"""

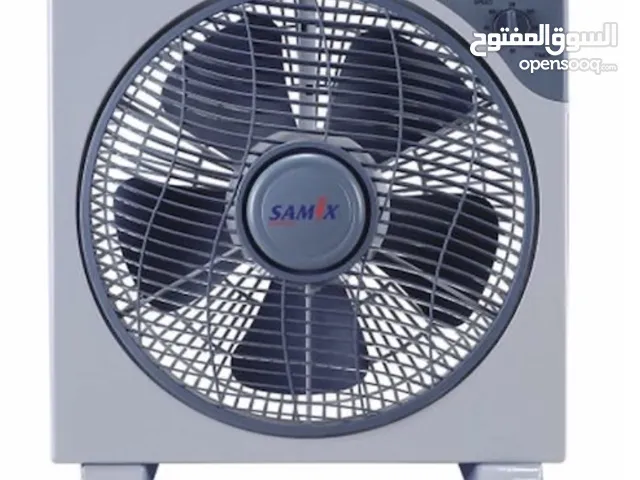 مروحة سامكس الغنية عن التعريف
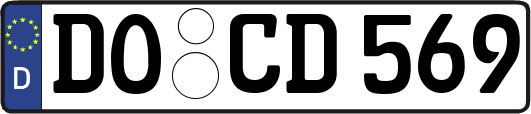 DO-CD569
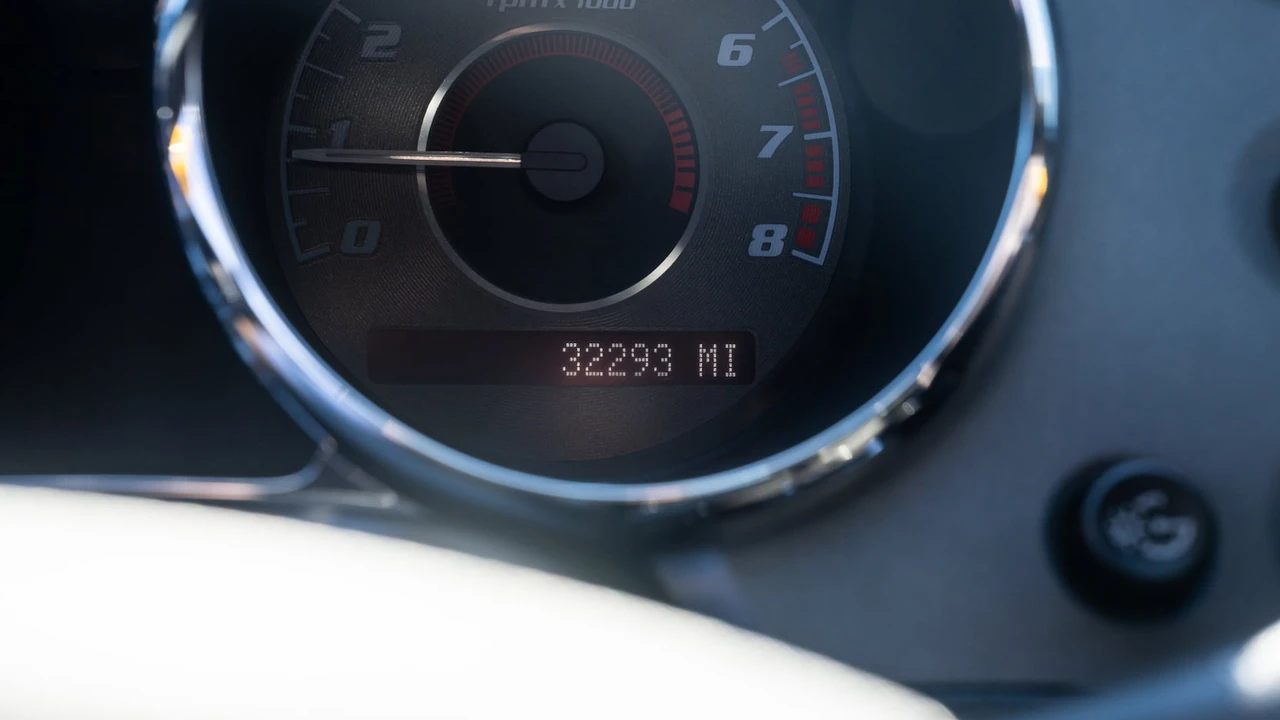 2009 Pontiac Solstice GXP - Image 21 of 21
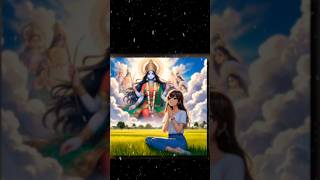 Tere Dar par aha meri maiya tere Devane Navratri songs new short video [upl. by Charlet]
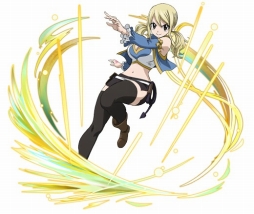 ���������꡼ No.007�Υ���ͥ������ / �־����Իԡפǥ��˥��FAIRY TAIL�פȤΥ���ܥ��٥�Ȥ�����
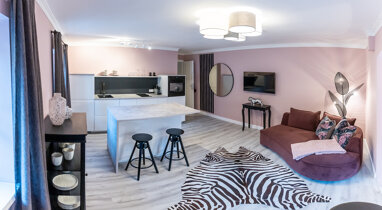 Wohnung zur Miete Wohnen auf Zeit 2.207,60 € 1 Zimmer 49 m² frei ab 30.09.2024 Hallwang II Salzburg 5020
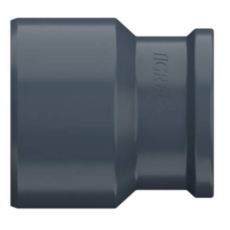 Buje Gris Reduccion Sd Corto 32 X 25 Mm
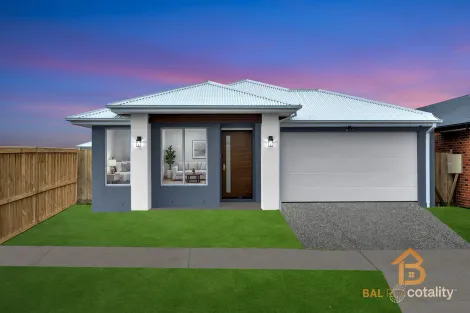 25 Lord St, Thornhill Park, VIC 3335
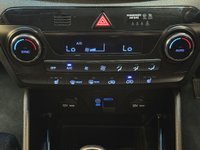 USED 2018 67 HYUNDAI TUCSON 2.0 CRDi Blue Drive SE Nav SUV 5dr Diesel Manual Euro 6 (s/s) (136 ps) 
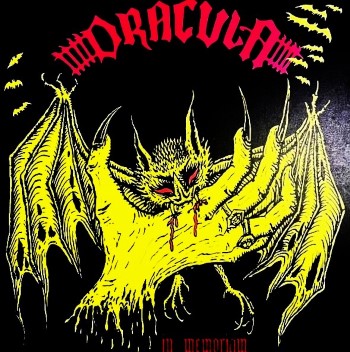 DRACULA - In Memoriam
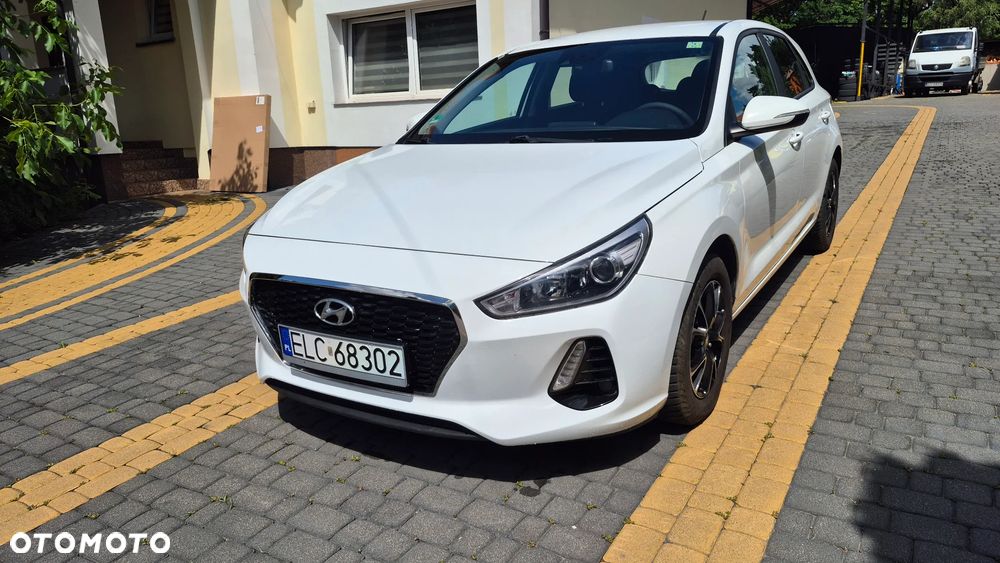 Hyundai i30 1.4 Style - 1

"""

Write out the entries again, exactly as given, skipping any images.

_Solution for this exercise_
 مروحة سامكس الغنية عن التعريف
 DO-CD569
 2009 Pontiac Solstice GXP - Image 21 of 21
 Tere Dar par aha meri maiya tere Devane Navratri songs new short video [upl. by Charlet]
 ���������꡼ No.007�Υ���ͥ������ / �־����Իԡפǥ��˥��FAIRY TAIL�פȤΥ���ܥ��٥�Ȥ�����
 Wohnung zur Miete Wohnen auf Zeit 2.207,60 € 1 Zimmer 49 m² frei ab 30.09.2024 Hallwang II Salzburg 5020
 Buje Gris Reduccion Sd Corto 32 X 25 Mm
 25 Lord St, Thornhill Park, VIC 3335
 USED 2018 67 HYUNDAI TUCSON 2.0 CRDi Blue Drive SE Nav SUV 5dr Diesel Manual Euro 6 (s/s) (136 ps) 
 DRACULA - In Memoriam
 Hyundai i30 1.4 Style - 1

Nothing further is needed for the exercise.